How to design a distributed job scheduler?

30.6k views Asked by At

I want to design a job scheduler cluster, which contains several hosts to do cron job scheduling. For example, a job which needs run every 5 minutes is submitted to the cluster, the cluster should point out which host to fire next run, making sure:

  1. Disaster tolerance: if not all of the hosts are down, the job should be fired successfully.
  2. Validity: only one host to fire next job run.

Due to disaster tolerance, job cannot bind to a specific host. One way is all the hosts polling a DB table(certainly with lock), this guaranteed only one host gets the next job run. Since it often locks table, is there any better design?

6

There are 6 answers

0
Marco Haschka On

I did require something like this long ago, when synchronisation was done with floppy disks. You should be clear about three things, which seem to be simple, but in distributed environment the arent :-)

"Synchronisation Sections" If you get a net split, which means your cluster is split in two seperate sections wich can communicate inside the sections, but not between the two sections, the "fire the job exactly once" can only acquired per synchronisation section.

"Disaster" If almost all times all computers are up and running and only very seldom one fails, and the failure of two is almost unthinkable, its a completely different thing, than every host is running only part time, the connections are unstable, or the synchronisation is done by dial-up connections or by floppys.

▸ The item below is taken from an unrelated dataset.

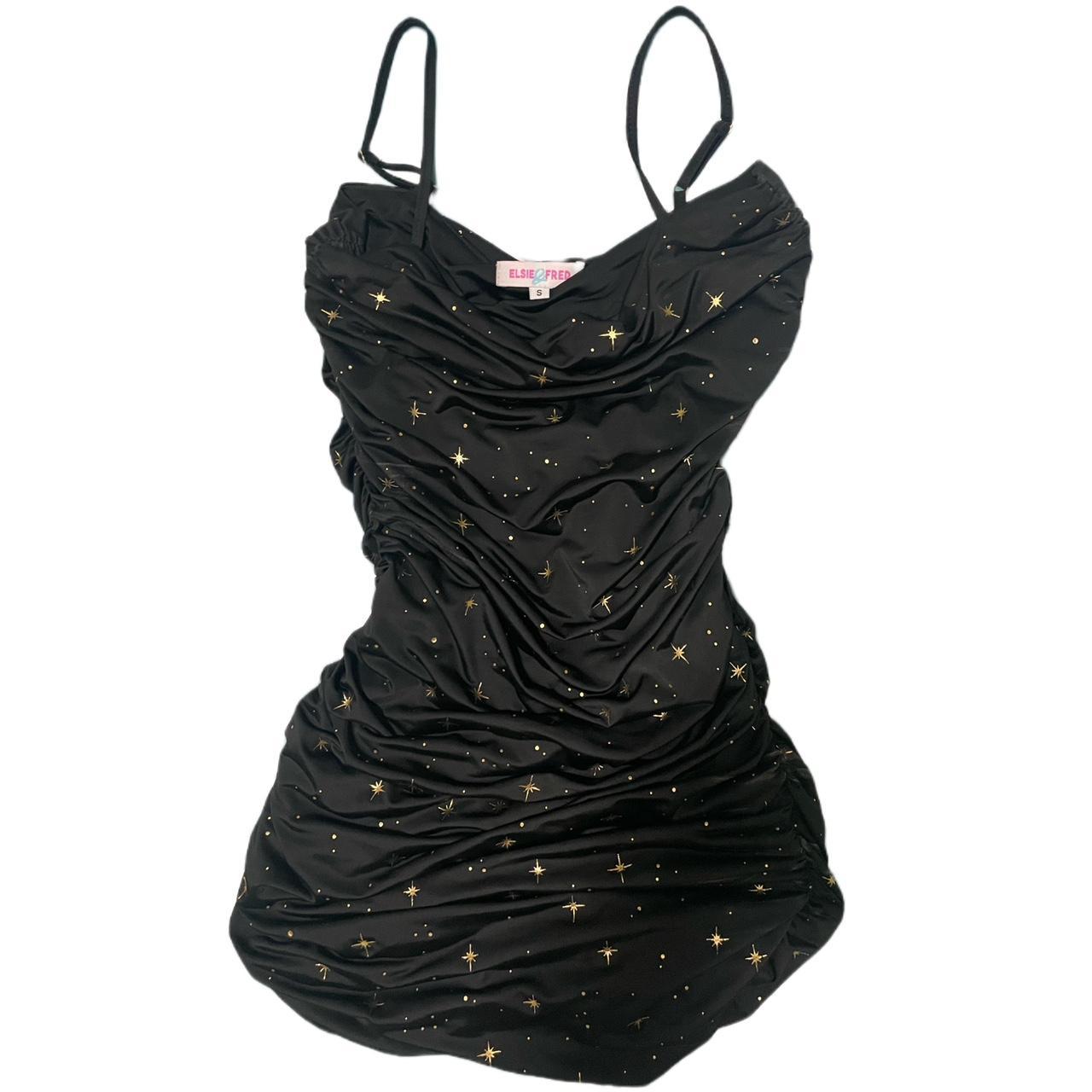 Elsie and Fred Women's Black and Gold Dress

If you want even deal with a net split, it becomes really really complicated. If you want to deal with malicious hosts, you have another Problem.

"Validity" Fire every job exactly once... you have to synchronize faster than the job firing interval.

edit: Tipp for scheduler-tasks design. I have a big text file, wich contains lines. Every line is a job task, starting with job-type, then time to execute, then command and last but not least a optional resubmission-interval for repeating tasks. Syncing means merging. Executed tasks are deleted. If resubmission is on, then a new task is inserted or appended.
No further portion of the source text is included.